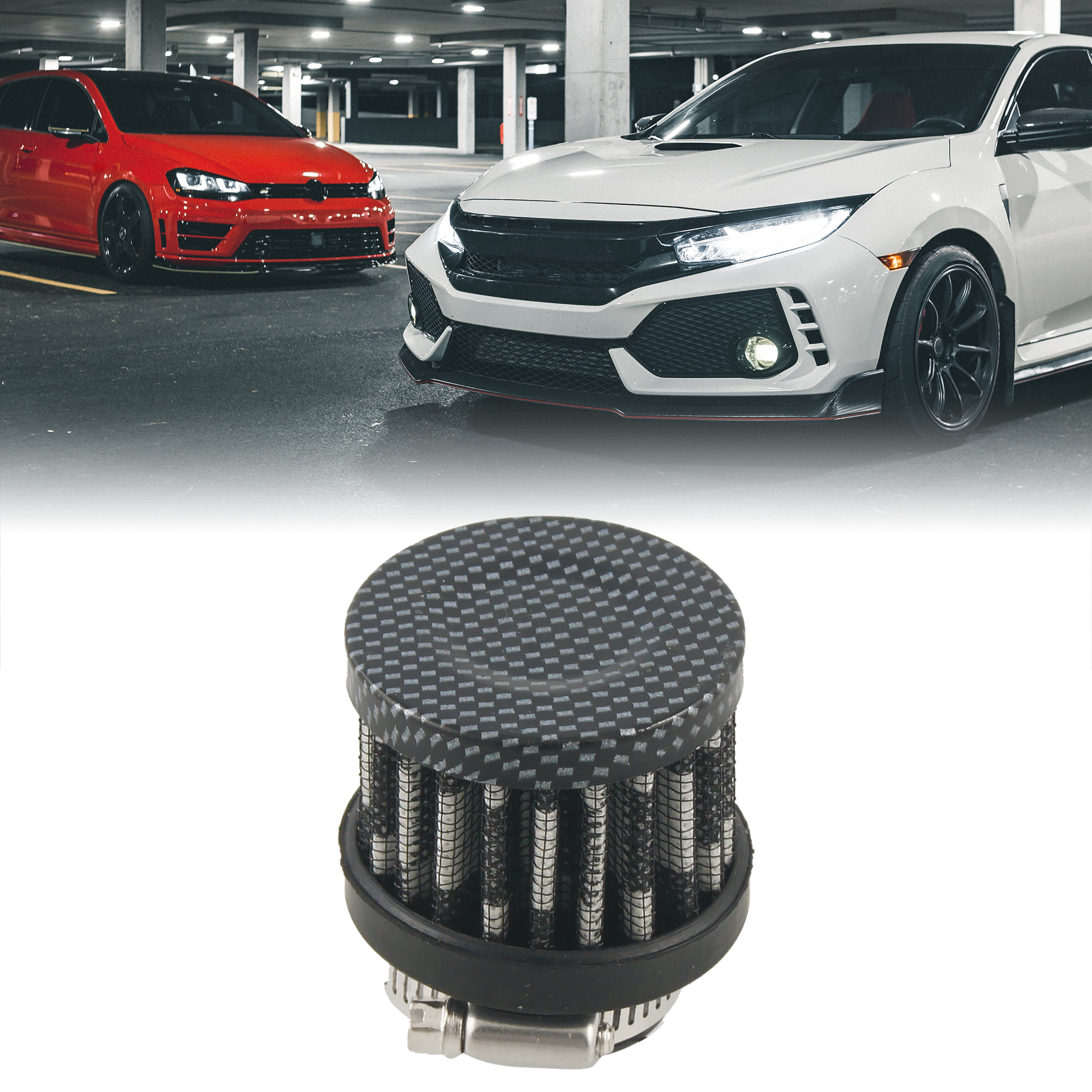 Unique Bargains Auto Car Carbon Fiber Rubber End Clamp on 25mm 1 Intake Air Filter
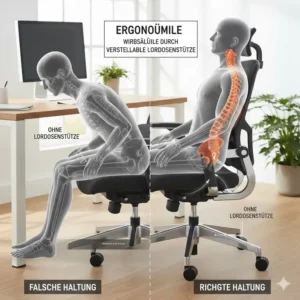 Anatomische Grafik der Wirbelsäule gestützt durch einen Bürostuhl Lordosenstütze verstellbar.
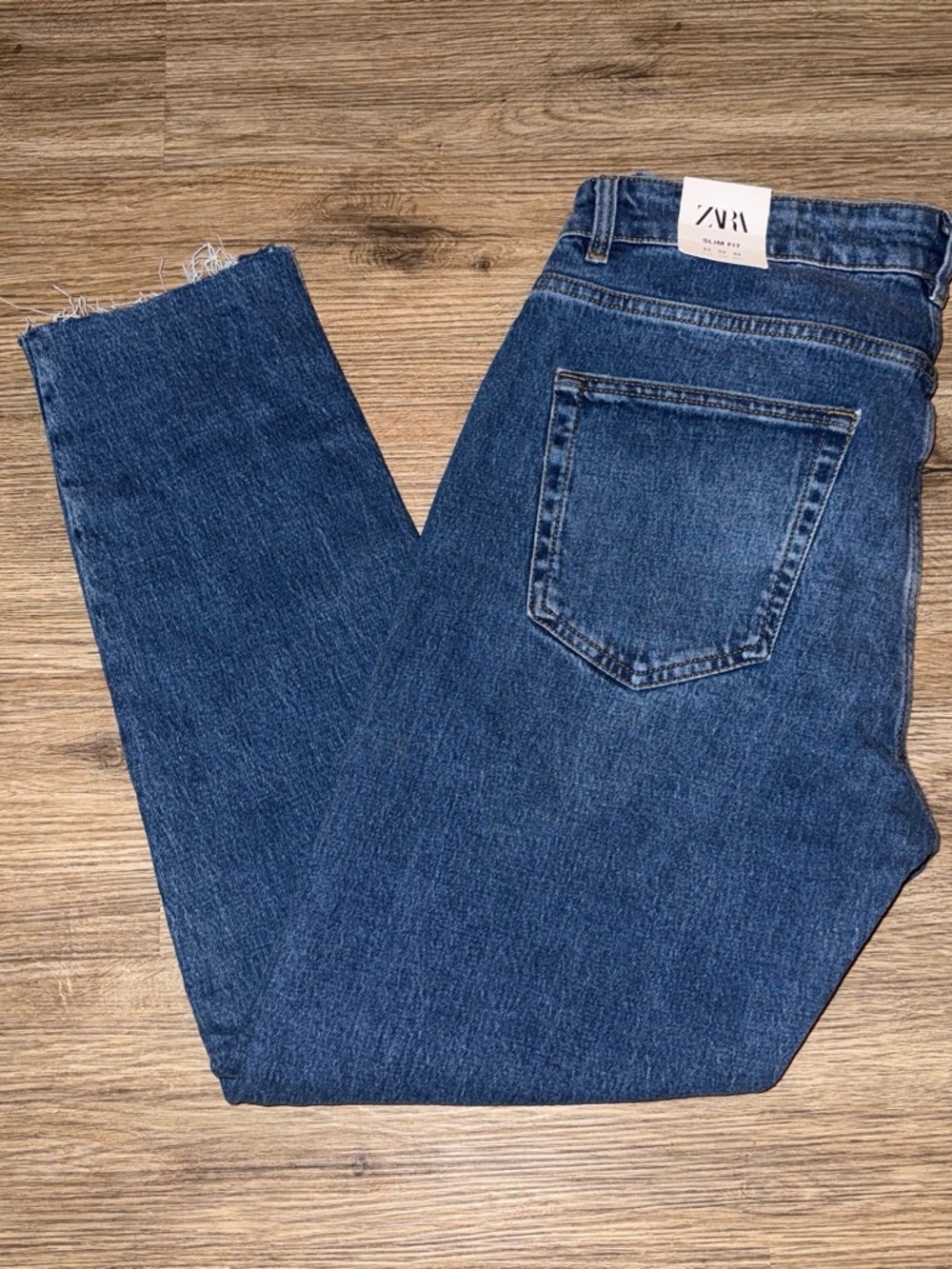 Zara Womens Dark Blue Slim Straight Jeans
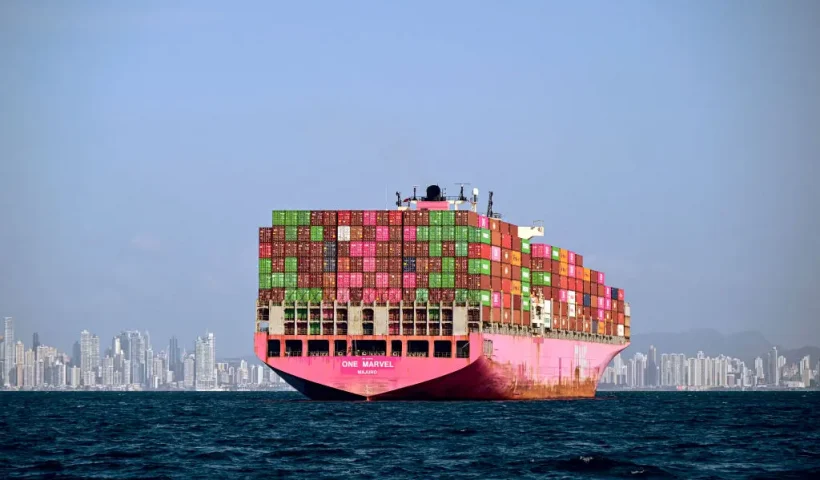 Marshall Islands' cargo ship One Marvel waits before entering the Panama Canal in Panama City on February 23, 2025. (Photo by MARTIN BERNETTI / AFP) (Photo by MARTIN BERNETTI/AFP via Getty Images)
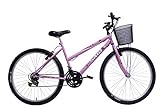 Bicicleta de Passeio Saidx Bike Feminina, Aro 26 de 18 Marchas, Freio V Brake (Rosa)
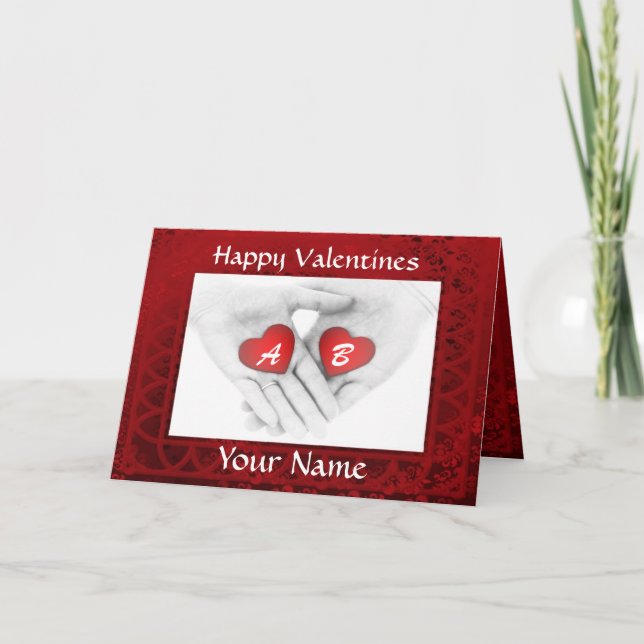 Romantischer personalisierter Valentinstag Feiertagskarte (Vorderseite)
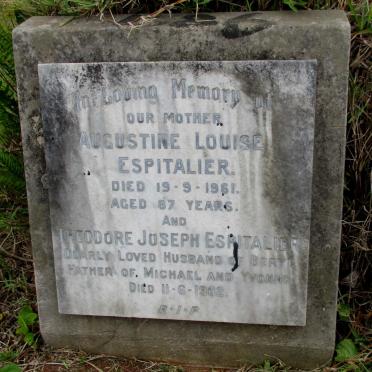 ESPITALIER Theodore Joseph -1962 &amp; Augustine Louise -1961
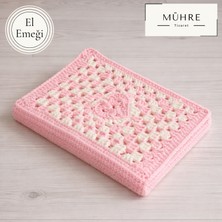Mühre A4 22X31CM Kalp Detay Pembe Beyaz Amigurumi Örgü Kitap Kılıfı Organizer Ajanda Defter Kuran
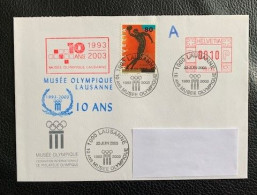 20414 - Enveloppe Circulée 10 Ans Du Musée Olympique Lausanne 23.06.2003 Cachet Rouge & Cachet Bleu - Andere & Zonder Classificatie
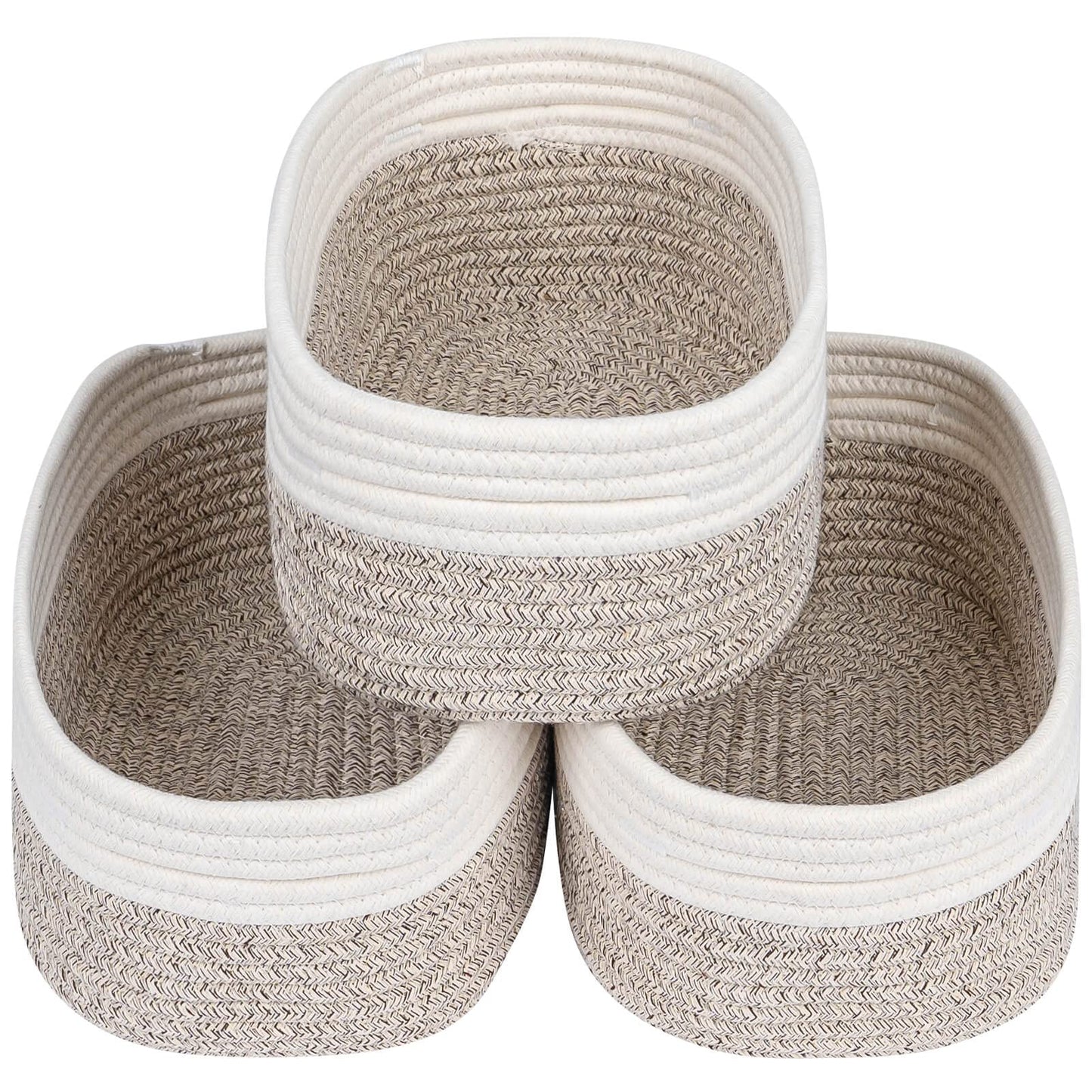 CubesLand Off White Small Storage Baskets for Shelves, Closet Organization Storage Bins Empty Gift Basket Baby Nursery Woven Baskets for Organizing, Rectangular Clothes Closet Shelves Baskets 3 Packs
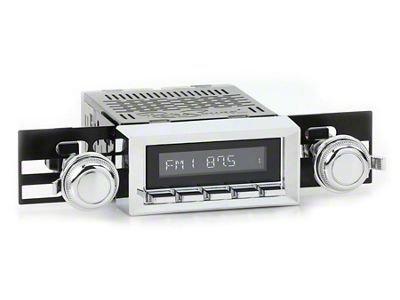 RetroSound RetroRadio Motor 1 Radio with Chrome Face, Chrome Push Buttons, Installation Bezel and Knobs (77-82 Corvette C3)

What to produce => From the first line to the last, copy the listing above exactly and leave out the images.

Result =>
 Unique Bargains Auto Car Carbon Fiber Rubber End Clamp on 25mm 1 Intake Air Filter
 Anatomische Grafik der Wirbelsäule gestützt durch einen Bürostuhl Lordosenstütze verstellbar.
 Zara Womens Dark Blue Slim Straight Jeans
 Marshall Islands' cargo ship One Marvel waits before entering the Panama Canal in Panama City on February 23, 2025. (Photo by MARTIN BERNETTI / AFP) (Photo by MARTIN BERNETTI/AFP via Getty Images)
 Bicicleta de Passeio Saidx Bike Feminina, Aro 26 de 18 Marchas, Freio V Brake (Rosa)
 Romantischer personalisierter Valentinstag Feiertagskarte (Vorderseite)
 ESPITALIER Theodore Joseph -1962 &amp; Augustine Louise -1961
Mühre A4 22X31CM Kalp Detay Pembe Beyaz Amigurumi Örgü Kitap Kılıfı Organizer Ajanda Defter Kuran
 20414 - Enveloppe Circulée 10 Ans Du Musée Olympique Lausanne 23.06.2003 Cachet Rouge & Cachet Bleu - Andere & Zonder Classificatie
 CubesLand Off White Small Storage Baskets for Shelves, Closet Organization Storage Bins Empty Gift Basket Baby Nursery Woven Baskets for Organizing, Rectangular Clothes Closet Shelves Baskets 3 Packs
 RetroSound RetroRadio Motor 1 Radio with Chrome Face, Chrome Push Buttons, Installation Bezel and Knobs (77-82 Corvette C3)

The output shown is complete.